During a non-selection period or active display period over which the switch SWa is closed, the switches SWb to SWd and SWf remain open. A drive current I_drv(m) flows through the organic EL element OLED at a magnitude corresponding to the video signal I_sig(m). The organic EL element OLED emits light at a luminance corresponding to the magnitude of the drive current I_drv(m).

As with the first embodiment, this driving method can make the effect of the threshold voltage V_th on the drive current I_drv almost equal among the pixels PX even if the gate potential of the drive control element DR hardly changes by the write operation due to a markedly small write current I_sig. This driving method, therefore, prevents the display unevenness from occurring when a low-gray-level image is displayed.

In the present embodiment, in contrast to the first embodiment, the reset signal lines RSL are provided separately from the video signal lines DL to supply reset signals to the pixels PX. This makes it possible to reduce the frequency of changes in the potential of each video signal line DL.

In the present embodiment, the scan signal lines SL3 may be omitted, with the gates of the switches SWf connected to the scan signal lines SL4. The reset signal lines RSL may be laid parallel to the scan signal lines SLl to SL4. Moreover, each pixel PX may include the switch SWe, which is omitted in the present embodiment.
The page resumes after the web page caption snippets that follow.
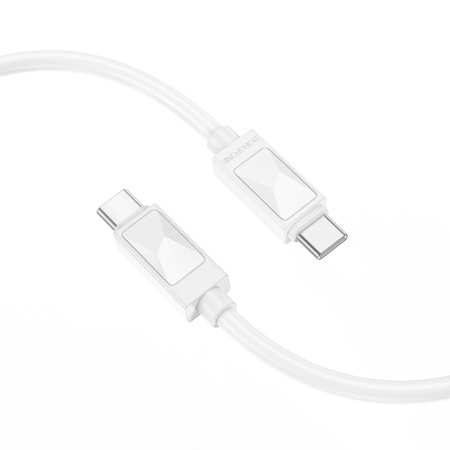 Borofone Kabel BX109 Joy - Typ C na Typ C - 60W 3A 1 metr biały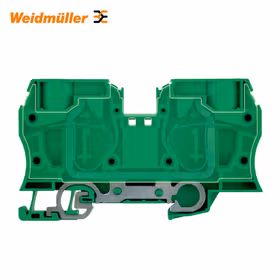 魏德米勒 接地型接线端子,弹片联接,35mm,4200A(35mm),绿/黄；ZPE 35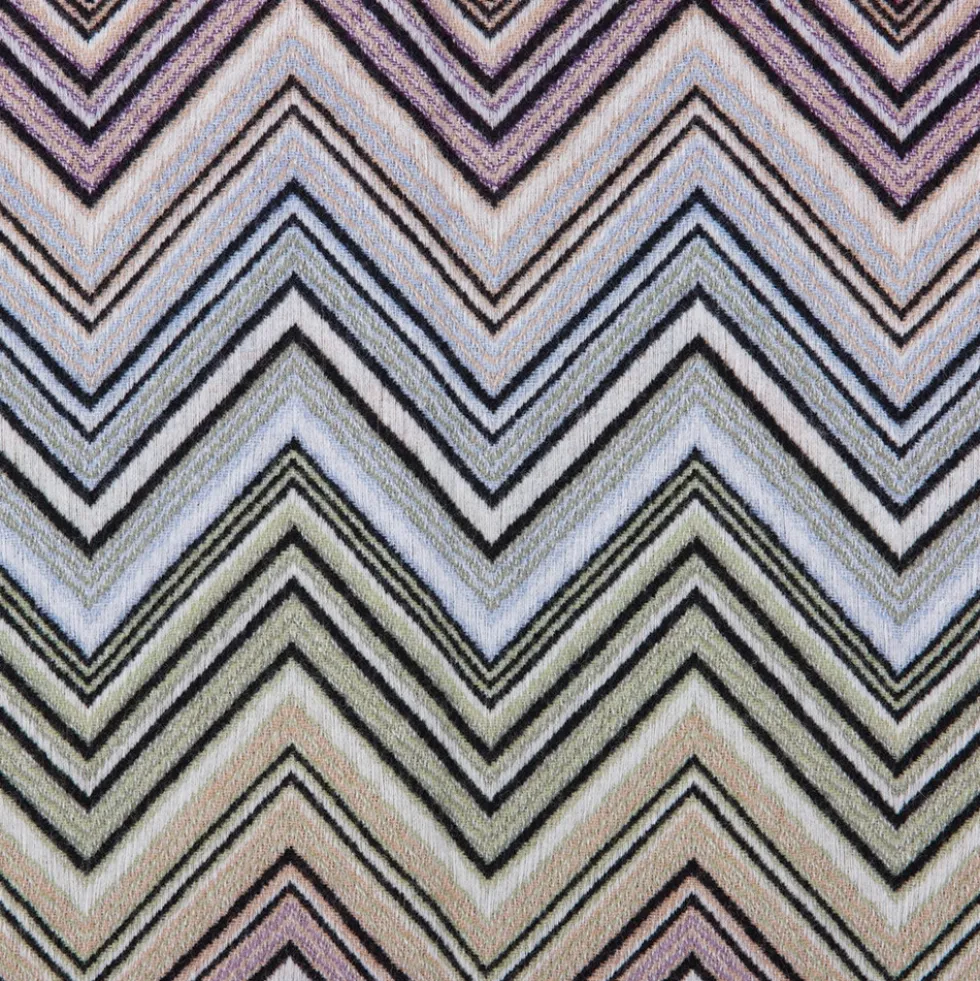 Missoni Home plaid con frange 130x190 cm PERSEO 160 zig-zag multicolore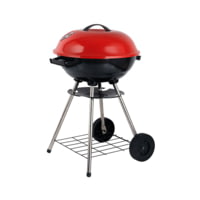BRENTWOOD Portable Charcoal BBQ Grill with Wheels
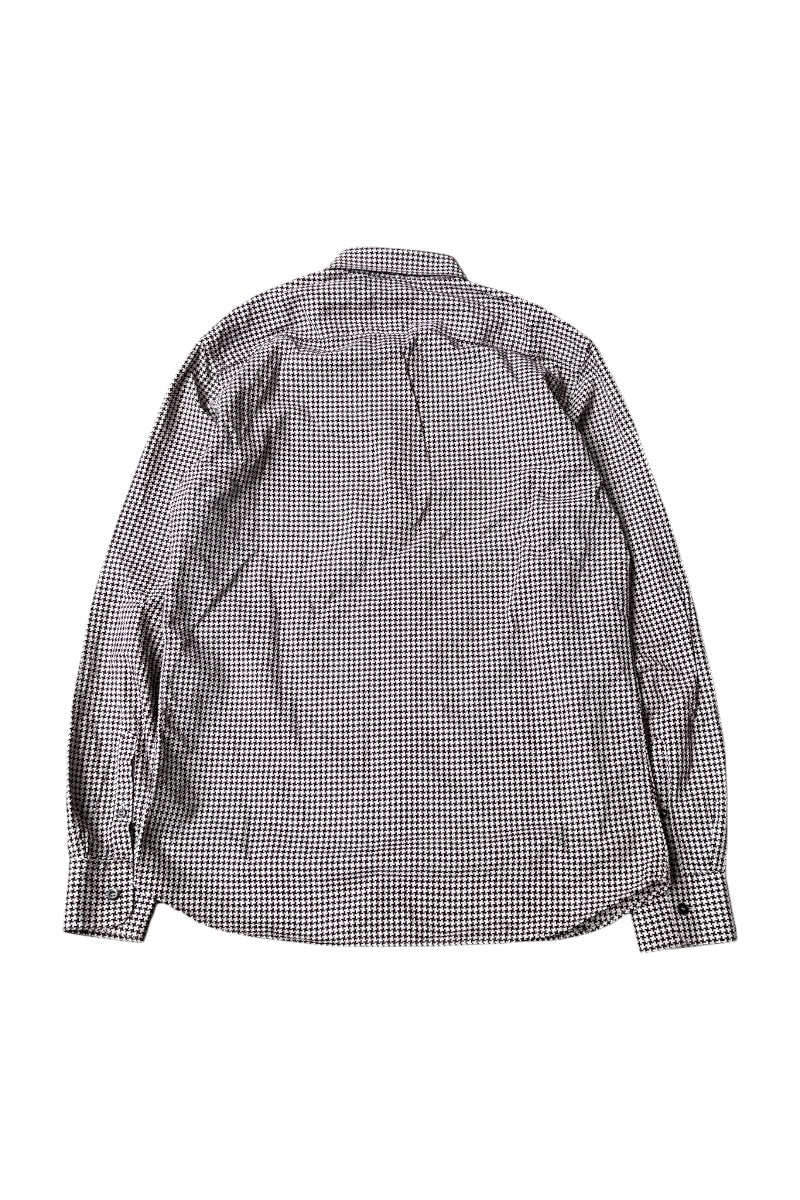 MADE IN ITALY 90'S L/S CHECK SHIRT / CHECK [SIZE: 42 USED]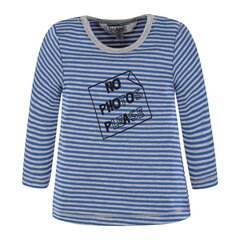 Krekls ar garām piedurknēm zēniem Kanz, zils цена и информация | Футболка для малышки фуксия | 220.lv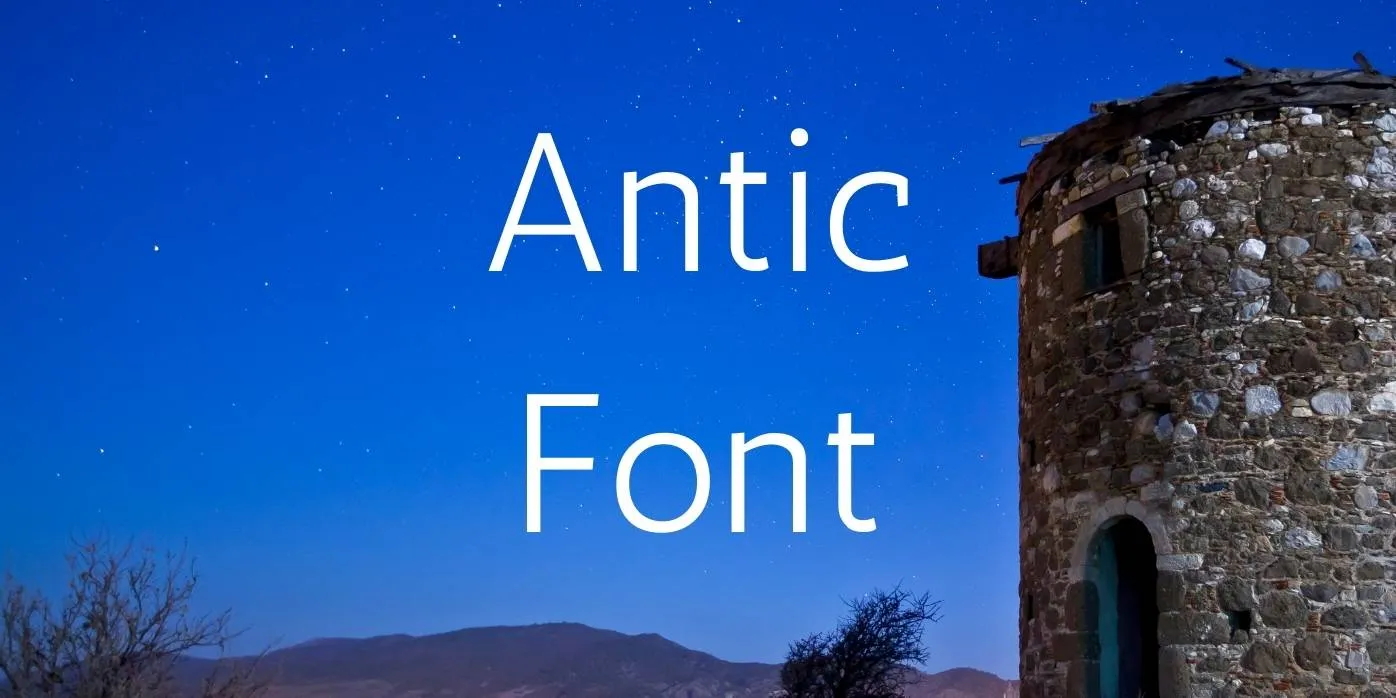 Antic Font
Additional advantages and modifications will readily occur to those skilled in the art. Therefore, the invention in its broader aspects is not limited to the specific details and representative embodiments shown and described herein. Accordingly, various modifications may be made without departing from the spirit or scope of the general inventive concept as defined by the appended claims and their equivalents.

Claims

1. A display comprising pixels and video signal lines arranged correspondently with columns which the pixels form, wherein each of the pixels comprises:

a drive control element which includes a control terminal, a first terminal connected to a first power supply terminal, and a second terminal outputting a current having a magnitude corresponding to a voltage between the control terminal and the first terminal;

a display element which includes a pixel electrode, a counter electrode connected to a second power supply terminal, and an active layer interposed between the pixel electrode and the counter electrode;

an output control switch connected between the second terminal and the pixel electrode;

a first capacitor connected between the control terminal and a constant-potential terminal;

a second capacitor;

a signal supply control switch, the second capacitor and the signal supply control switch being connected in series between the control terminal and the video signal line;

a first diode-connecting switch connected between the second terminal and an electrode of the second capacitor; and

a second diode-connecting switch connected between the second terminal and another electrode of the second capacitor.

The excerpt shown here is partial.